Read Jakarta Pandemic, The Online

Authors: Steven Konkoly

Jakarta Pandemic, The (7 page)

“Like last year? That really sucked. Please don’t take us out of school for no reason again,” Ryan said.

“We didn’t take you out for no reason. Swine flu had the potential to be worse than the avian flu, and the avian flu killed close to fifty thousand people in the U.S. in 2008. We weren’t ready for it at all, and it really scared the, ah…you-know-what out of us. Fill in the blank, honey?” Alex said.

“Ha ha,” Kate said through a fake smile.

“But nothing happened, and it was embarrassing. Plus, it took me forever to catch up! Remember some of the teachers didn’t want to let me make up some of my tests?”

“That won’t happen again,” Kate assured him.

“What does a pandemic do to you?” Emily asked.

“Sweetie, the pandemic flu makes you really, really sick. Worse than you’ve ever been before. That’s why you get a flu shot every year.”

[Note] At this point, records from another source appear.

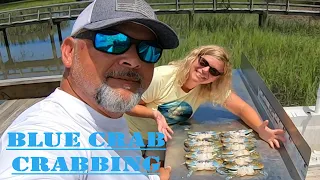 Blue Crab Crabbing/How to Freeze Crabs (bait, set, pull, clean, cook)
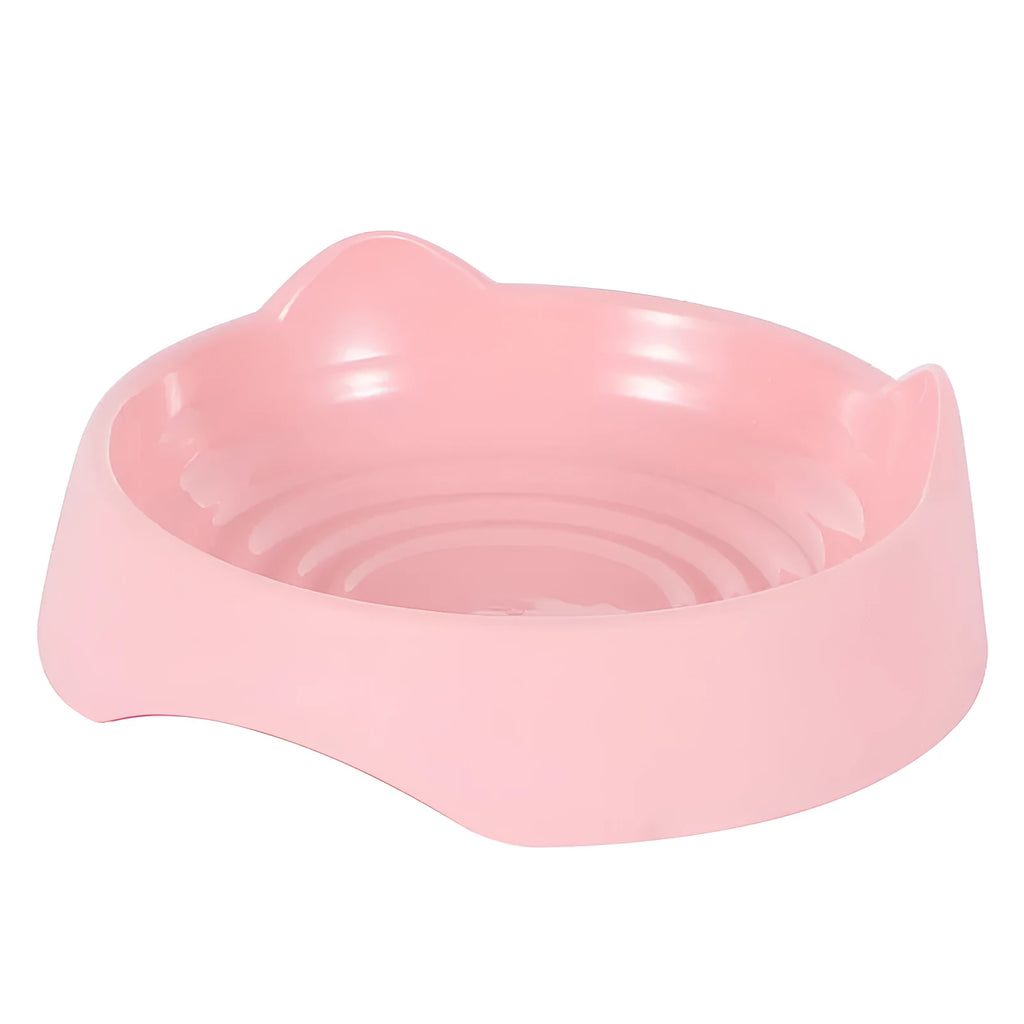 Blue ceramic dog slow feeder bowl with maze pattern for large breed dogs.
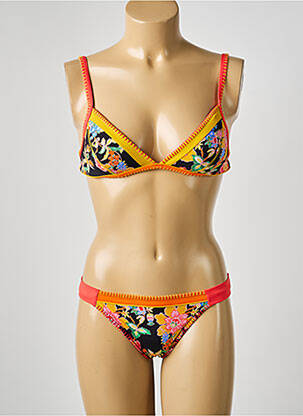 Costum de baie din două piese elasticitate top sutien modelat portocaliu BANANA MOON femeie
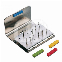 CLIP FRAISES COLOR - 8 PERFORATIONS  (1)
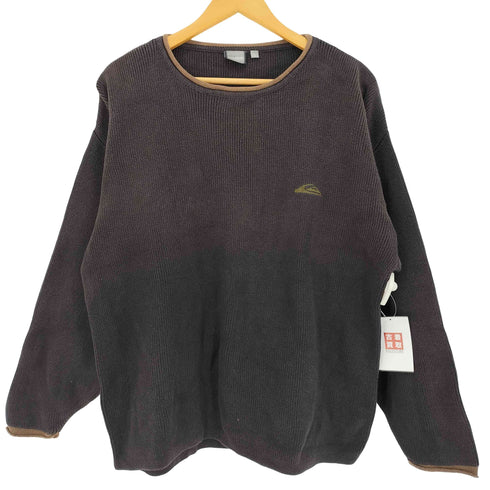 クイックシルバー Quiksilver 90-00S ロゴ刺繍 ロールネック ニット メンズ JPN:L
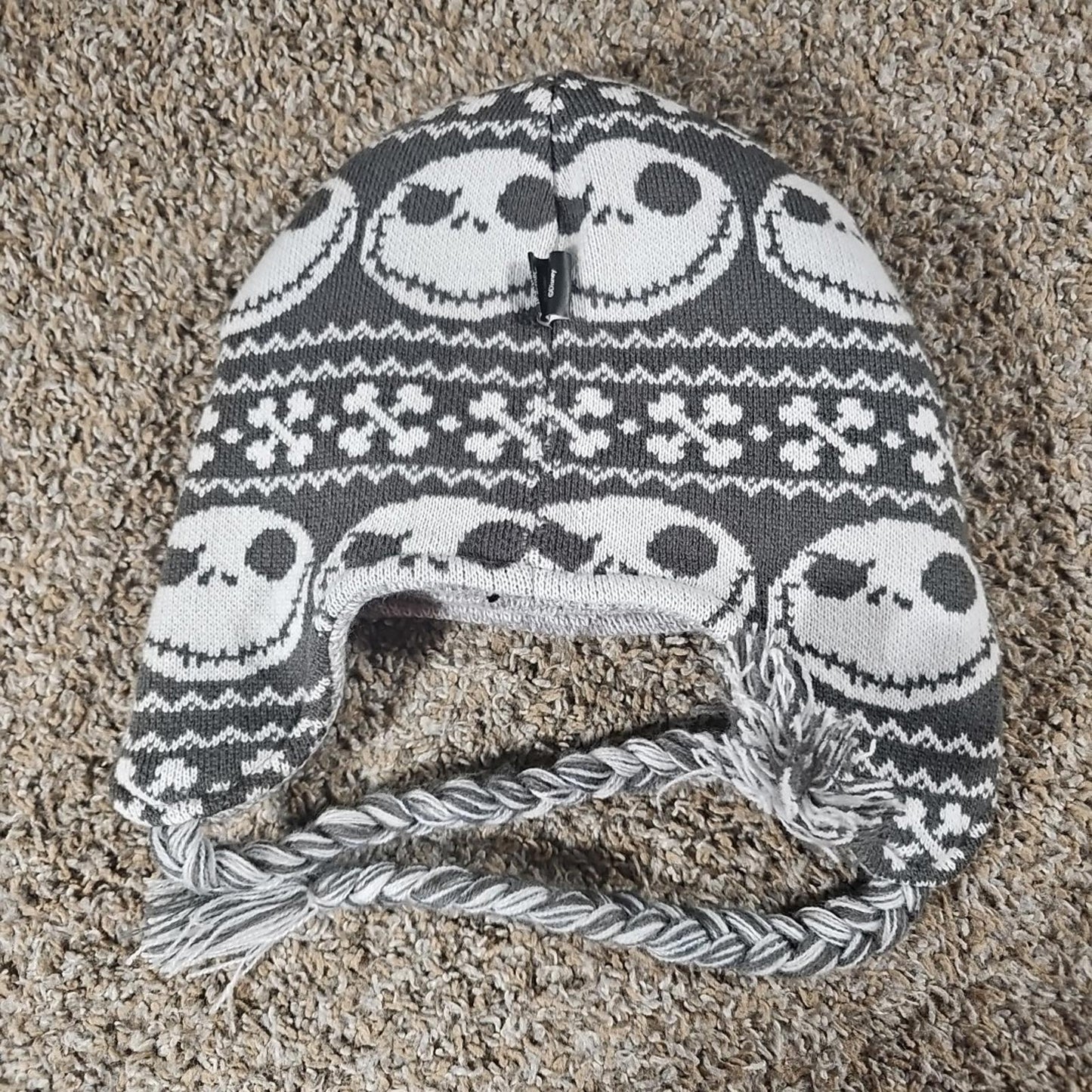 Tim Burtons Nightmare Before Christmas Jack Skellington Winter Beanie Tassles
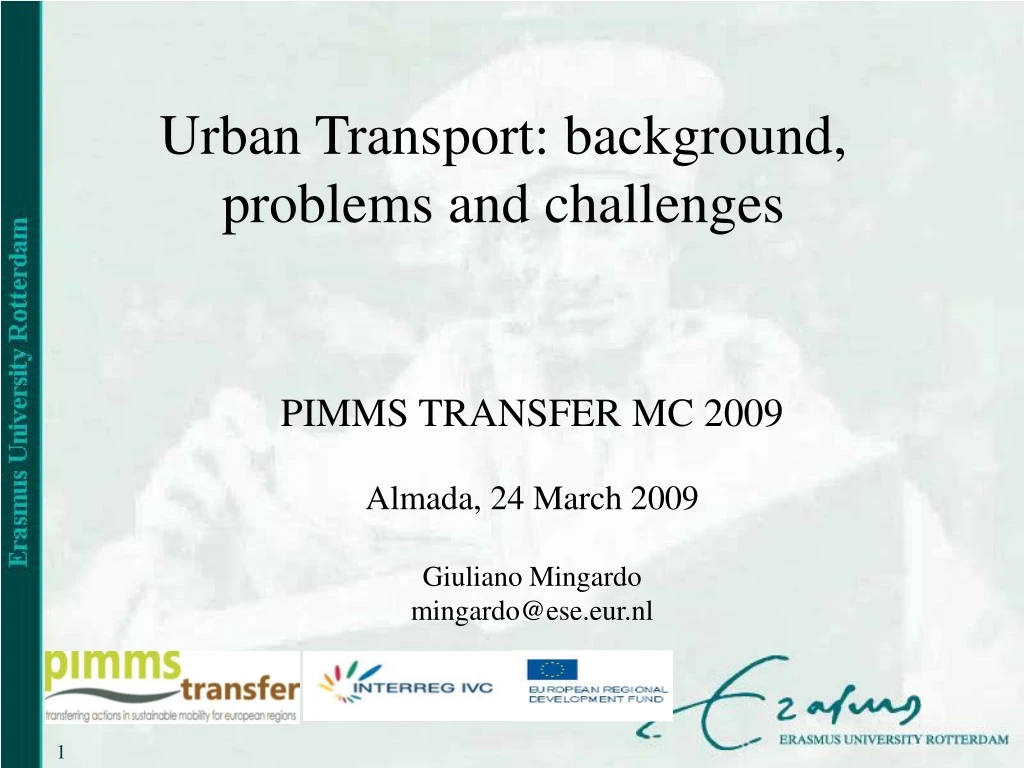 urban transport background problems and challenges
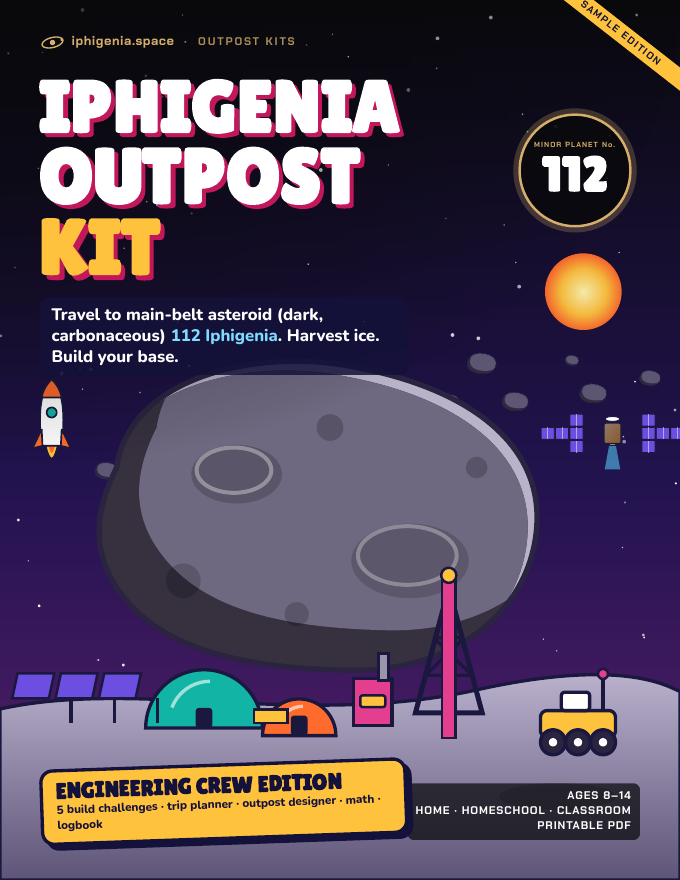 Iphigenia Outpost Kit sample, page cover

“To keep from getting the pandemic flu?”

“No, you get the shot for the regular flu, which can make you pretty sick, too. The pandemic flu is worse though,” Kate said.

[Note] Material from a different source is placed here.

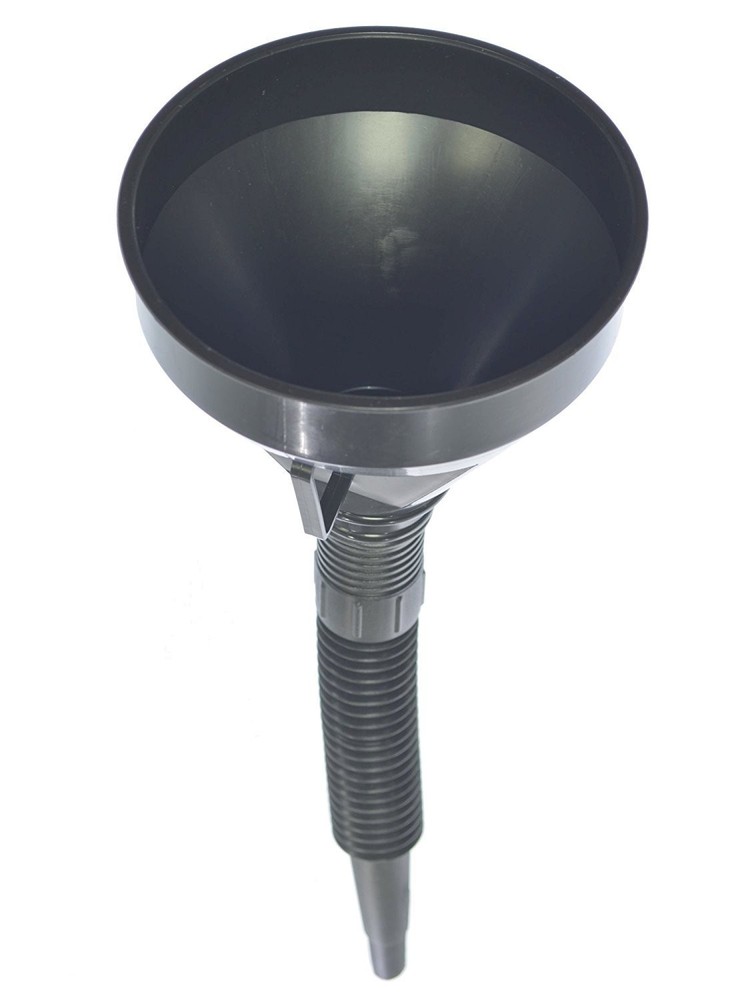 Compact 2.5 lb Funnel with Removable Spout for Effortless Liquid Transfers - Red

“Don’t worry about it, sweetie. No one in this family will get sick, I promise. Just finish your dinner and start your homework. Then we can have some dessert,” Alex said.

Emily dug into her stir-fry as Ryan finished his plate. Alex saw that Emily still looked worried.

“More stir-fry, sweetie?”

“No, thanks, Mom, I had more than enough. Everything’s great, especially the soup,” Ryan replied.

 

 

Chapter Seven

 

 

 

Friday, November 1, 2013

 

Kate and Alex sat together on a dark brown leather sectional couch in the great room. Two recessed lights over the mantel cast indirect light over the entire family room. The flat-screen TV showed FBC news anchor Kerrie Connor framed next to Dr. David Ocampo, Director of the ISPAC’s Live Trend Analysis Division. Information displayed at the bottom of the split screen indicated that Dr. Ocampo was broadcasting live from ISPAC headquarters in Atlanta, Georgia.

 

“Dr. Ocampo, thank you again for your time. Good luck to both you and your organization.”

 

“Thank you for the opportunity to educate the public, and if I may, your viewers can always obtain the most updated pandemic information on our website,
www.ispac.org
.”

 

“Thank you again, Dr. Ocampo. When we come back, we’ll hear about the massive preparations underway on the Florida peninsula in preparation for the anticipated landfall of Hurricane Terrence.”

 

Kate paused the recording and looked at Alex, slowly nodding her head.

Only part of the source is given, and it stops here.